Another aspect of this is borne out in the PP article's discussion of the Law of Demeter. I will sacrifce multitudes of dinky-ass methods to acheive minimal coupling ANYDAY.
Cohesion
Actually, I have to admit that I'm not sure I understand what the author means by "the unification of methods and data." Seriously. I've thought long and hard on it. Does he mean the unification of methods and data in a single class? If that is what is meant, then I suppose I am an OO heretic.
Andy said:
I will sacrifce multitudes of dinky-ass methods to acheive minimal coupling ANYDAY.
Dinky-ass methods are often very very useful and not just for the minimization of coupling but to make the code readable, easily maintainable, and to always make the intent of the developer clear.
I would add to this that I also happily create multitudes of dinky-ass classes to achieve cohesive code. In my invoice app (yes, this is a real app I've done a lot of work on) I've got classes called InvoiceStorer (540 lines), InvoiceReconciler (322 lines), InvoiceReleaser (333 lines), InvoiceSearcher (166 lines), InvoiceDAO (a mere 59 lines), plus about 20 "rule" classes that are used by InvoiceReconciler in a true command pattern. In addition there are various other support classes without Invoice in the name, PriceSearcher, for one, that are used by the invoice app.
Were I to have the Invoice "know" how to do all of these things, I would have a very smart invoice, but I would also have one great big messy class file.
Cohesion, in this case, is achieved (well, attempted, anyway) by creating a number of classes, each focused on a subset of invoice functionality.

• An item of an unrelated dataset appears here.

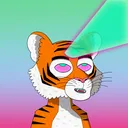 adminzodiaccitywontdmyou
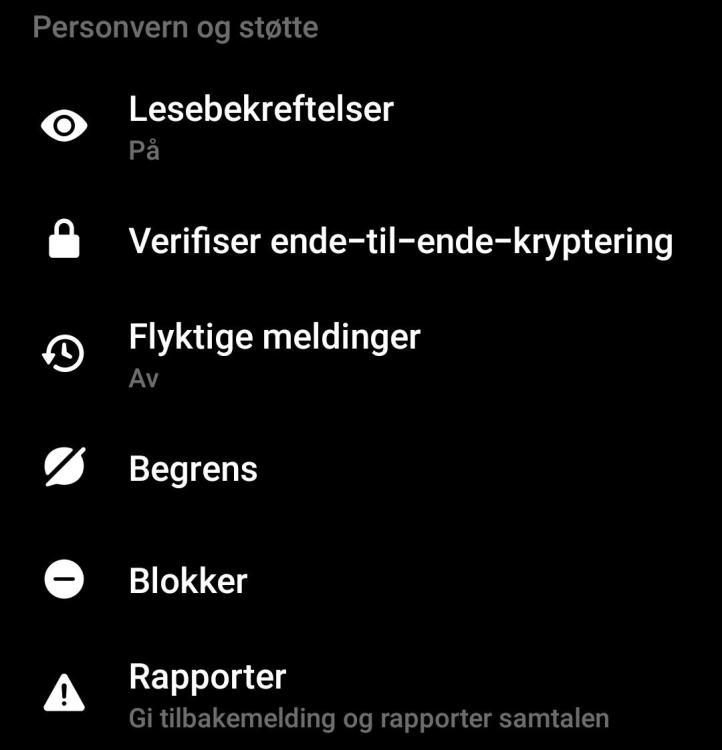 Screenshot_20240217_175841_Messenger.thumb.jpg.0cf1c69adac058ab043a77eb4f19097e.jpg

I'm not sure I could see an advantage to boxing up all of this functionality in Invoice. Perhaps this is not what anyone's saying I should do, but perhaps it is.
Yes, all of these classes are tightly coupled to the structure of my Invoice class. But even if we packed all the code in these classes into the Invoice class, the coupling would in essence be there. It wouldn't go outside of the Invoice class, true. But all of the code would still have to be modified in exactly the same way no matter where it happened to live. Thus, I'd argue that any lack of coupling achieved is window dressing only.


Comments on ThingDoer
The concept of ThingDoer may be one level overgeneral. What I would like to see is customerAndOrder2Invoice.
This is because of the discovery during the structured programming epoch that the "ideal" module's functionality could be expressed in a simple sentence.
createInvoice? From what?
I concur that developers and their managers, because of the fashionability of the adjective "stateless", and, a consequent good/bad moral opposition between stateless (good) and with-state (bad)...in which the manager subconsciously associates state, in module level values, with secrets, presuppositions, agendas and sabotage, tend overuse parameter passing.
The management ideal is that not only code but also coders be "stateless", without history, who will arrive freshly-scrubbed at work ready to find that their cheese has been moved.
This creates a prejudice against your thingDoer because unlike a stateless daemon, it has a soul: its state.
In the methodology in Build Your Own .Net Language and Compiler, I strongly recommend that (1) all module-levels be more or less rhetorically gathered into a single Structure and that (2) business-logic-independent code monitor this state for sanity and conversely insanity where two module-level variables have "impossible values".
Therefore I agree on the value of having a thingDoer. But, if specific instantiations of this pattern have as their name and spec an expression, such as createInvoice, with no input, it is not clear where the Invoice comes from.